Data in this exercise:
☆ ☆ ☆

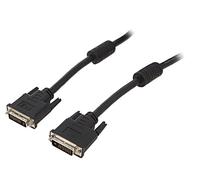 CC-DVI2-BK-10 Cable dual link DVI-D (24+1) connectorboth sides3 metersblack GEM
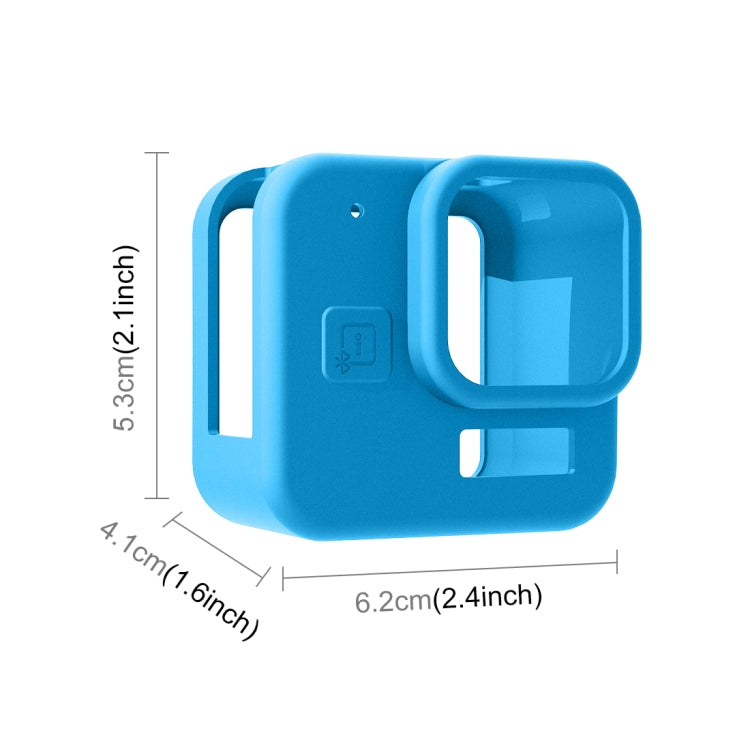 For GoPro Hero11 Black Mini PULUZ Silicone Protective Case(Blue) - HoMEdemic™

☆ ☆ ☆

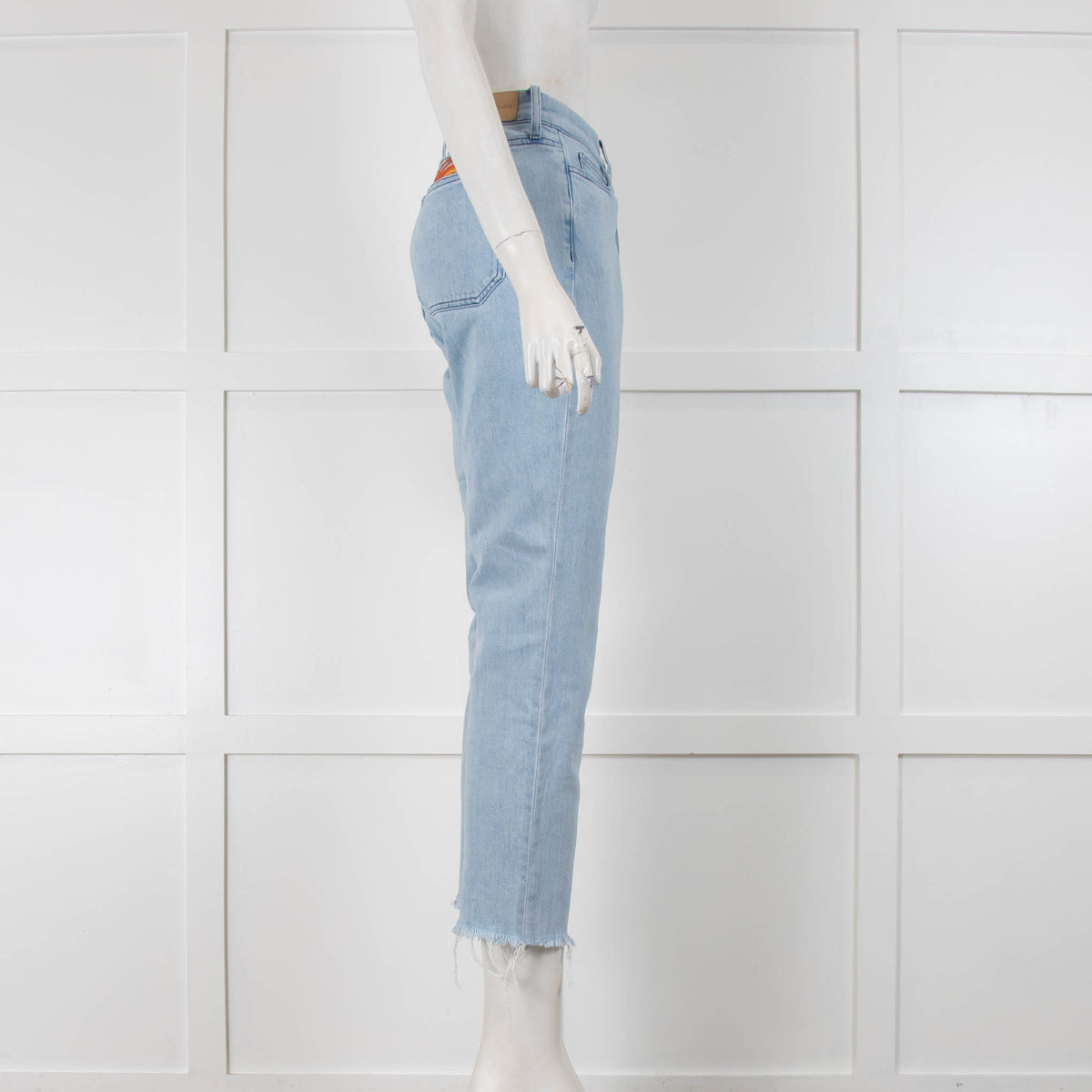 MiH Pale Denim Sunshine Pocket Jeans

☆ ☆ ☆

Action item: Going by the data above, give back only the lines from the one containing "CC-DVI2-BK-10 Cable dual" through the one containing "For GoPro Hero11", exactly as they stand, both ends included and no images.

Exercise output:
 CC-DVI2-BK-10 Cable dual link DVI-D (24+1) connectorboth sides3 metersblack GEM
 For GoPro Hero11 Black Mini PULUZ Silicone Protective Case(Blue) - HoMEdemic™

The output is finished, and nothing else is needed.